Key Insight: Maintain the “human in the loop” for synthesizing insights, making final strategic calls, understanding context and nuance, building relationships and trust.

8 – For Students: Building Brainpower

Every time AI lifts a “cognitive weight,” students miss a chance to build capabilities. Like training for a race or sports, nothing replaces hard work. Train your brain for improved learning with the approach below.

A personal trainer approach:

  • Use AI as a tour guide before reading difficult texts, then do the reading
  • Let AI challenge arguments, then defend and refine them
  • Generate practice problems with AI, solve them without help
  • Ask AI to explain concepts, then teach those concepts to someone else
AI for College Students: Strengthen Your Brainpower With AI, Don’t Weaken It.

Key Insight: Use AI strategically to strengthen, not weaken, your cognitive capabilities.

9- A Professional and Ethical Stance

Some AI companies are building “RL gyms” spending billions training AI to do human jobs. These training grounds are where AI learns from human experts through reinforcement learning. This creates a choice for educators and professionals: train AI to replace people, or teach people to leverage AI’s strengths to develop human capabilities.

A future worth building:

  • Students develop human capabilities while leveraging AI strengths
  • Professionals deepen expertise rather than outsource thinking
  • Organizations value human judgment and creativity with AI speed and scale
  • We treat AI as co-intelligence, not artificial human replacement

Key Insight: we can choose to help humans partner with AI instead of helping AI replace them.

10 – Design Thinking in the Age of AI

Human-centered design becomes more important as AI advances, not less. The best marketing emerges from deep human insight observed through empathy and design thinking. This final insight came from joining the Markets, Innovation & Design (MiDE) program at Bucknell University this fall.
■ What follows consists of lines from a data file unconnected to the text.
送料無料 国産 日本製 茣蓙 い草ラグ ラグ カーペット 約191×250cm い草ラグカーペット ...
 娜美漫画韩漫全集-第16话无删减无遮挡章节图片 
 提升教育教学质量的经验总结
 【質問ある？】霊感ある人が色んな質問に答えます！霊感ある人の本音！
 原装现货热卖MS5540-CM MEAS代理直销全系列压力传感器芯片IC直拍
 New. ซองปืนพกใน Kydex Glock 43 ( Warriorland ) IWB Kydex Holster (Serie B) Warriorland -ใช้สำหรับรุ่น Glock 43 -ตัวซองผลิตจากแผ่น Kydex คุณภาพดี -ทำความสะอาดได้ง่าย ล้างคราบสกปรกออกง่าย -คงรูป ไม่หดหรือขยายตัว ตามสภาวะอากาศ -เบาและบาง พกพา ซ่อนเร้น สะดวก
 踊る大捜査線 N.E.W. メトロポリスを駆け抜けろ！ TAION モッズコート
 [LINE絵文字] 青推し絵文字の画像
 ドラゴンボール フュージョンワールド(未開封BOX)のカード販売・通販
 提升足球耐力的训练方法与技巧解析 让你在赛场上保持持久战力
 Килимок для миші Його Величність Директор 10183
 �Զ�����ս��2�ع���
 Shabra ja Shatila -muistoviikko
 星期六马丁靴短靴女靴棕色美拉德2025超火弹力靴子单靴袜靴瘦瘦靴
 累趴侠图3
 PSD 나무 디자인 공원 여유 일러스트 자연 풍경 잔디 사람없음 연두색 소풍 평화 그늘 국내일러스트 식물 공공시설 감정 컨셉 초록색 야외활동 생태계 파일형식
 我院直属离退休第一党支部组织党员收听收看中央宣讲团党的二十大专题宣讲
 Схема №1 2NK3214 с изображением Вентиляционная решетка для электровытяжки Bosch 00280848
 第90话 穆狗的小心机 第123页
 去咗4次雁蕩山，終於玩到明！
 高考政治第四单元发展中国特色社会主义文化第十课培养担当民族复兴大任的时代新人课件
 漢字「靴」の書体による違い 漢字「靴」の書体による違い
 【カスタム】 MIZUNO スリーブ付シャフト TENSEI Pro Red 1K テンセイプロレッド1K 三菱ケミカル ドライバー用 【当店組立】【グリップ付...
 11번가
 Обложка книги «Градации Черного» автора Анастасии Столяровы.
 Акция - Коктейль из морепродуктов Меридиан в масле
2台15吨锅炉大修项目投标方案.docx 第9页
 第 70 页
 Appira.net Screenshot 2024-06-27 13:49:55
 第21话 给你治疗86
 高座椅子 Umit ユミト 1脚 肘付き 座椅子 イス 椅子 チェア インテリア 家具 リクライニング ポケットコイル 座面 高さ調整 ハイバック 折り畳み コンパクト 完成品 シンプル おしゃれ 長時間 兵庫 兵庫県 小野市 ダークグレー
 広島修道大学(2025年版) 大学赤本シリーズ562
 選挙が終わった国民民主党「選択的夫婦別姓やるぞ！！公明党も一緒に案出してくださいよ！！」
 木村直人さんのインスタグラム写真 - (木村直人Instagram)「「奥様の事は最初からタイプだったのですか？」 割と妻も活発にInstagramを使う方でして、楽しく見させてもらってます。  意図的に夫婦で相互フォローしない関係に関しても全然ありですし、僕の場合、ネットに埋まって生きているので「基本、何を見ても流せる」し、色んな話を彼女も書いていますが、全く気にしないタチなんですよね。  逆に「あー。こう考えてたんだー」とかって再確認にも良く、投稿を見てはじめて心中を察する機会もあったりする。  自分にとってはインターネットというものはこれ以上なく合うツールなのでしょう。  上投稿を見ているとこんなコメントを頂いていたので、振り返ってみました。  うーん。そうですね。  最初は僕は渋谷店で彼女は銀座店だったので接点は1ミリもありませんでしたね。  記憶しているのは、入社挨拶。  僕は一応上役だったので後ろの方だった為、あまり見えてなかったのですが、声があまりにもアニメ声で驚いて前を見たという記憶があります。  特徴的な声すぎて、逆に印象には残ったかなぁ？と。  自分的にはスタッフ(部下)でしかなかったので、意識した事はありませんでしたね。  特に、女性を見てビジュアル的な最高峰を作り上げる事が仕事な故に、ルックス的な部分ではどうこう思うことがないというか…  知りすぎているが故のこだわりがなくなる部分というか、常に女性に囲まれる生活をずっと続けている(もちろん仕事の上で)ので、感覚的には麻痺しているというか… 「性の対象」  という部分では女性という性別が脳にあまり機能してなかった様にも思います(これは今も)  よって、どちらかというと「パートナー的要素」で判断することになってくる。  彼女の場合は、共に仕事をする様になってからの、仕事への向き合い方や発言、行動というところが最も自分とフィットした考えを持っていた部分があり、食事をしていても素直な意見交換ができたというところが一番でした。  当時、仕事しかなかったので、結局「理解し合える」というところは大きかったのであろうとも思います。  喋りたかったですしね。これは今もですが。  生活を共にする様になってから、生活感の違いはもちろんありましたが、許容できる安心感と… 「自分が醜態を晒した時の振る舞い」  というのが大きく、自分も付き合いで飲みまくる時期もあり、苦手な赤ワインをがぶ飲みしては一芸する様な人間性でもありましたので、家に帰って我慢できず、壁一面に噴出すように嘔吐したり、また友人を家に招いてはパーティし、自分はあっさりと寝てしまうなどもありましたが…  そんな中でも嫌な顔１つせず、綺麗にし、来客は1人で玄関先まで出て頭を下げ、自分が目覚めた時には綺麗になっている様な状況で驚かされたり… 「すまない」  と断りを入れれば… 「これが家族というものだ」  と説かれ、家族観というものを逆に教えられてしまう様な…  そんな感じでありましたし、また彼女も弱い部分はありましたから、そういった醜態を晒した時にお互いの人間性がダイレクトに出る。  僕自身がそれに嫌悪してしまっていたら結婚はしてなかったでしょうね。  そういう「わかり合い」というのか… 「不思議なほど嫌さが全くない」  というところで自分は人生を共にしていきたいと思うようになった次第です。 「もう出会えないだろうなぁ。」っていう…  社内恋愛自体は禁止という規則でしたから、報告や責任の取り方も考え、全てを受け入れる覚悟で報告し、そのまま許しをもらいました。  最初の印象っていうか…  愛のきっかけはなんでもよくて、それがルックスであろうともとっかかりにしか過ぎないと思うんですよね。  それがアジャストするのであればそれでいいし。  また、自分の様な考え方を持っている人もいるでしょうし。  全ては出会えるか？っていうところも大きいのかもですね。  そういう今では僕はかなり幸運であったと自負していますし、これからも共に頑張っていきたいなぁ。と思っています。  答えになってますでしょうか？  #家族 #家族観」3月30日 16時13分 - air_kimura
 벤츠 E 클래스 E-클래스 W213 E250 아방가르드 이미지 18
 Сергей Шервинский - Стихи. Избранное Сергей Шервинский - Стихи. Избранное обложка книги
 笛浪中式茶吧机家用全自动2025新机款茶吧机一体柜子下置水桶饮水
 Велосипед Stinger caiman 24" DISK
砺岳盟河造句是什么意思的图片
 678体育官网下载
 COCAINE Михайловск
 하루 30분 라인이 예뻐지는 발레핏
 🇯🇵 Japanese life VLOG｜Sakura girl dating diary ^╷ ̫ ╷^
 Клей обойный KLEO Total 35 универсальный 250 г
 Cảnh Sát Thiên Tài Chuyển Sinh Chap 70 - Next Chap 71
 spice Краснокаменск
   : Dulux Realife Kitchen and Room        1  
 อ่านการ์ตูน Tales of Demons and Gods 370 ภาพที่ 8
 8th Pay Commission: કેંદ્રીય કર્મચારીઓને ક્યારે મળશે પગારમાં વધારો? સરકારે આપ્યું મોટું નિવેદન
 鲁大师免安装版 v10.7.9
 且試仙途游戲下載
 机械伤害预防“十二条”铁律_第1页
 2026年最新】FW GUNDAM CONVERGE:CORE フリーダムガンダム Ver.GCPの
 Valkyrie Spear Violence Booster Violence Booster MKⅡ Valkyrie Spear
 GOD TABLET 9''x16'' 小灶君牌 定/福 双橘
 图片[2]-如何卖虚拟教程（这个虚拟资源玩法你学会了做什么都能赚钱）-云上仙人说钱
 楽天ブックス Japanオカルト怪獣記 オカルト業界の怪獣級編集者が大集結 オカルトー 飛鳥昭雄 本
A Human-Centered Marketing Framework:

  • Insert empathy by finding the real consumer problem
  • Pivot on key human insight leveraging the “aha” moment
  • Make a creative leap to the big idea
  • Share an engaging story for management and consumers
  • Treat the marketing mix as a unified customer-centric system

This work requires human observation, human creativity, and human judgment. AI can support this approach at every stage when used correctly.

Key Insight: Deep human insight (understanding what people need and care about) remains irreplaceable.

A Path Forward

AI capabilities will continue advancing. Job displacement is real. The pressure to use AI for cost-cutting versus capability augmentation will be intense. But the outcomes aren’t predetermined. They’re being shaped right now by choices about how we use and don’t AI.

How are you feeling about AI? It’s been a short, long 3 years of ups and downs.

Students are discovering how to use AI as a thinking partner rather than a shortcut. Professionals are finding ways AI can free them to focus on high-value work they enjoy to deepen their expertise. As I look toward 2026, the future will continue to be built by choices to partner with AI, not be replaced by it.

How are you approaching AI in your work? Deepening expertise or outsourcing thinking?

About This Post’s Creation

This reflection demonstrates a human-AI partnership. Claude Sonnet 4.5 helped review blog posts, identify themes, and organize thoughts. But the insights, voice, and perspective come from my experience teaching, experimenting, and creating with AI while constantly asking, “What’s the best way forward?”